◆ **GOAL OF THE EXERCISE**: Write the following entries out again exactly, skipping each image.

(GIVEN RECORDS Opens)

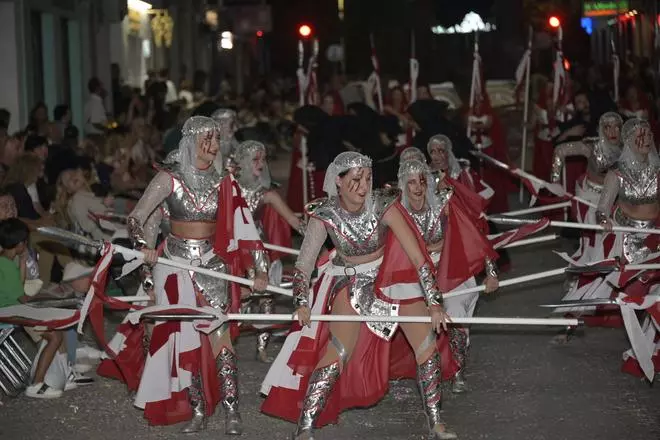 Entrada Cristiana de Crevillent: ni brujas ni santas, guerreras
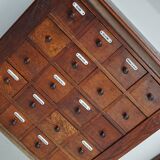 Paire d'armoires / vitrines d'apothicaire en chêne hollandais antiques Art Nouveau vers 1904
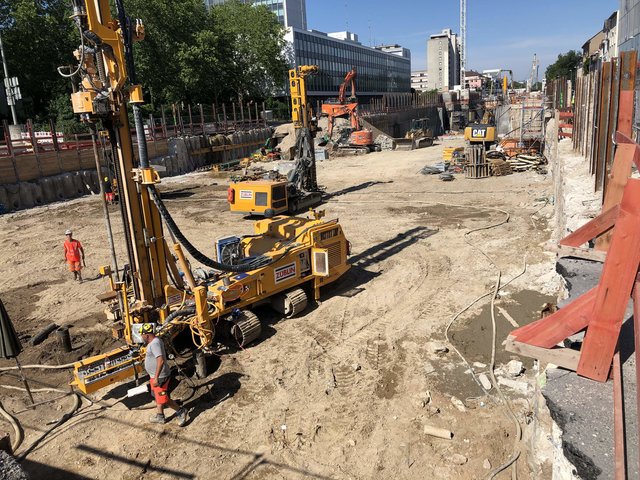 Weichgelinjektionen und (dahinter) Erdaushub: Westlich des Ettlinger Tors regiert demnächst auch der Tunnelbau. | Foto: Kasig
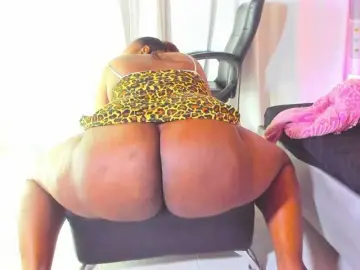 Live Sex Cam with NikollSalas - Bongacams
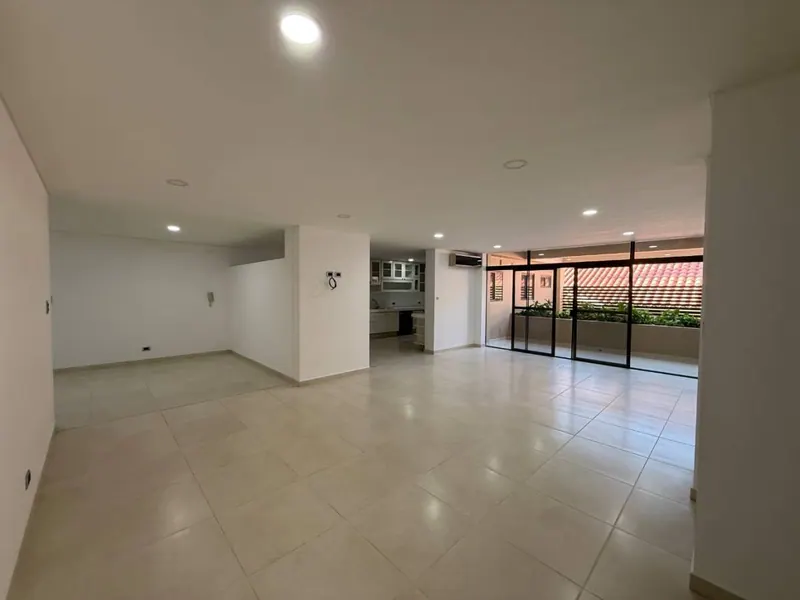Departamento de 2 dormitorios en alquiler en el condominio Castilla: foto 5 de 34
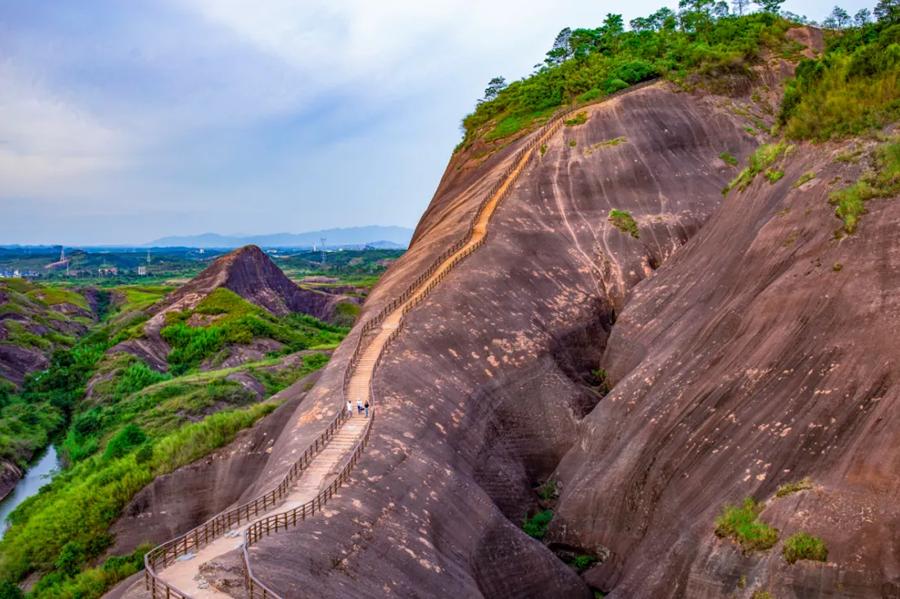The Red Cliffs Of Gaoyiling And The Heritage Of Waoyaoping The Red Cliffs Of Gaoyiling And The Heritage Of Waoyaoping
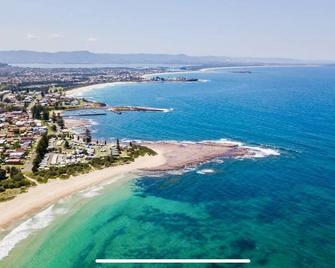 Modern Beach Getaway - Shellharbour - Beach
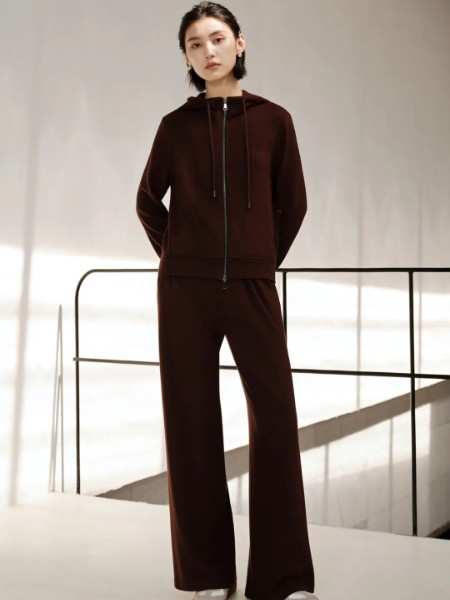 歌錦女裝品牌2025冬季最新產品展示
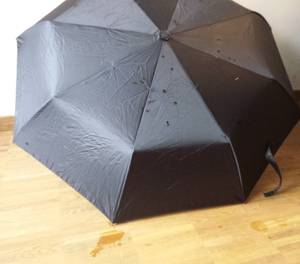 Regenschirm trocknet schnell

(GIVEN RECORDS Closes)

◆ **YOUR RESPONSE**:
 Entrada Cristiana de Crevillent: ni brujas ni santas, guerreras
 Paire d'armoires / vitrines d'apothicaire en chêne hollandais antiques Art Nouveau vers 1904
 Weichgelinjektionen und (dahinter) Erdaushub: Westlich des Ettlinger Tors regiert demnächst auch der Tunnelbau. | Foto: Kasig
 Live Sex Cam with NikollSalas - Bongacams
Departamento de 2 dormitorios en alquiler en el condominio Castilla: foto 5 de 34
The Red Cliffs Of Gaoyiling And The Heritage Of Waoyaoping The Red Cliffs Of Gaoyiling And The Heritage Of Waoyaoping
 Modern Beach Getaway - Shellharbour - Beach
 歌錦女裝品牌2025冬季最新產品展示
 Regenschirm trocknet schnell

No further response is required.